:: Given material ::

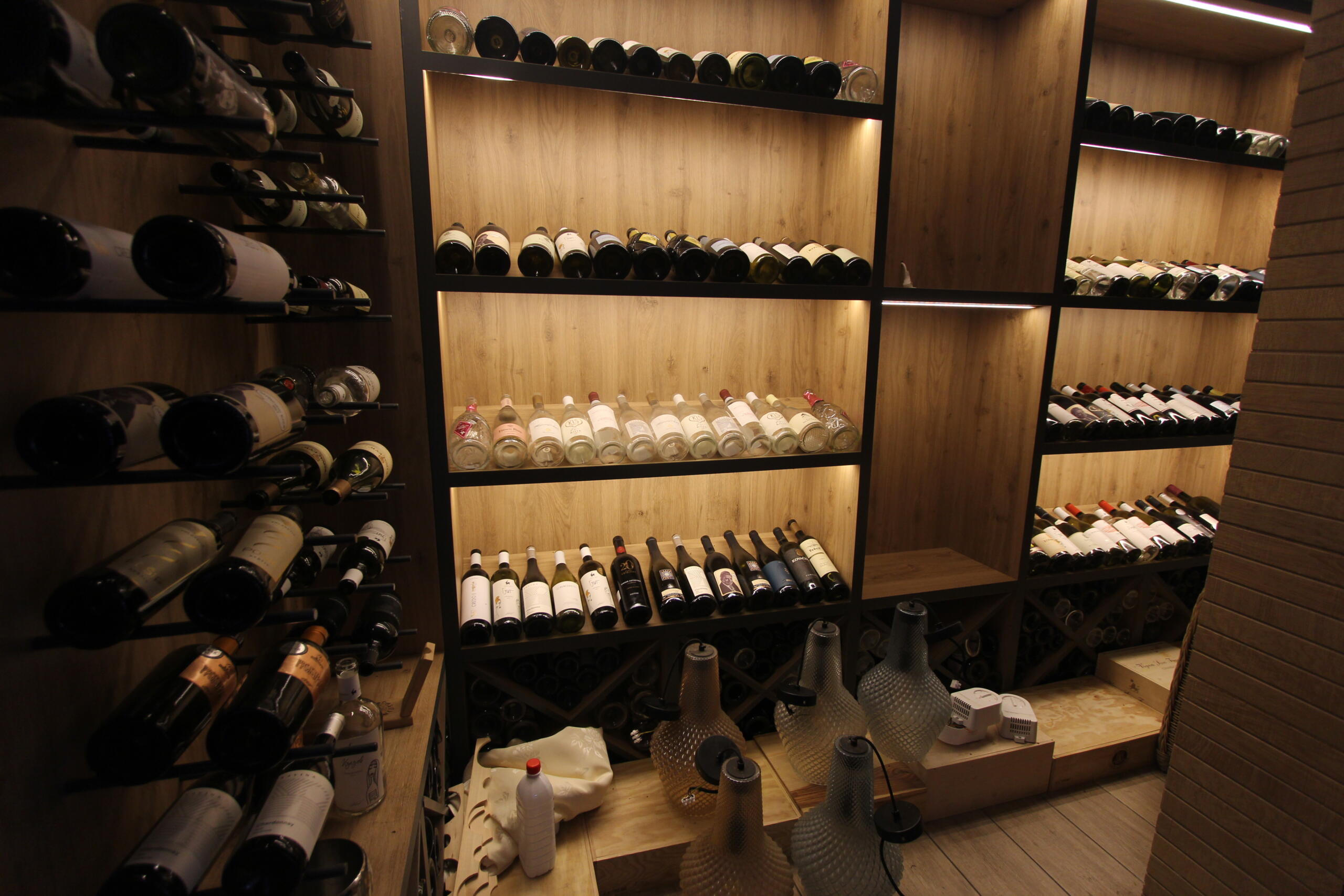 Commerce property in Rafailovici, Montenegro – CMM52317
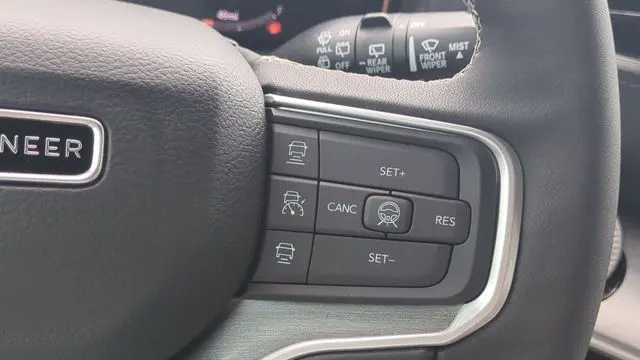 2026 Jeep Grand Wagoneer Limited Reserve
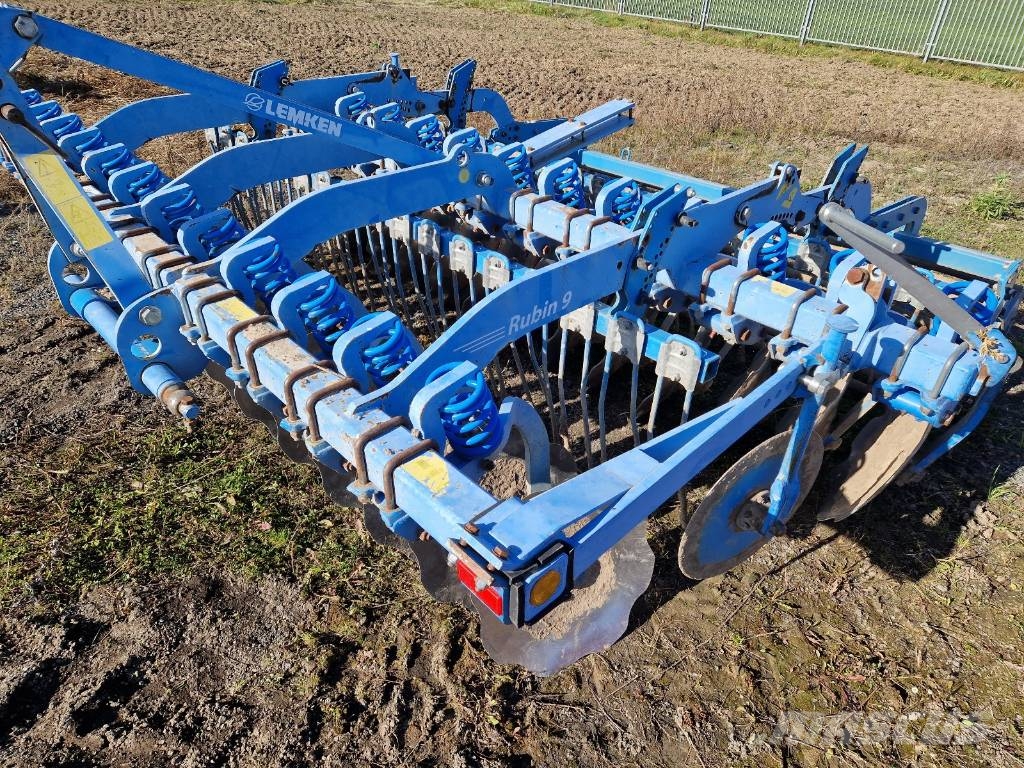 Lemken Rubin 9 زحافات ساحقة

:: Action item ::
The full listing must come back exactly as written, with its pictures left out.

:: Task response ::
 Commerce property in Rafailovici, Montenegro – CMM52317
 2026 Jeep Grand Wagoneer Limited Reserve
 Lemken Rubin 9 زحافات ساحقة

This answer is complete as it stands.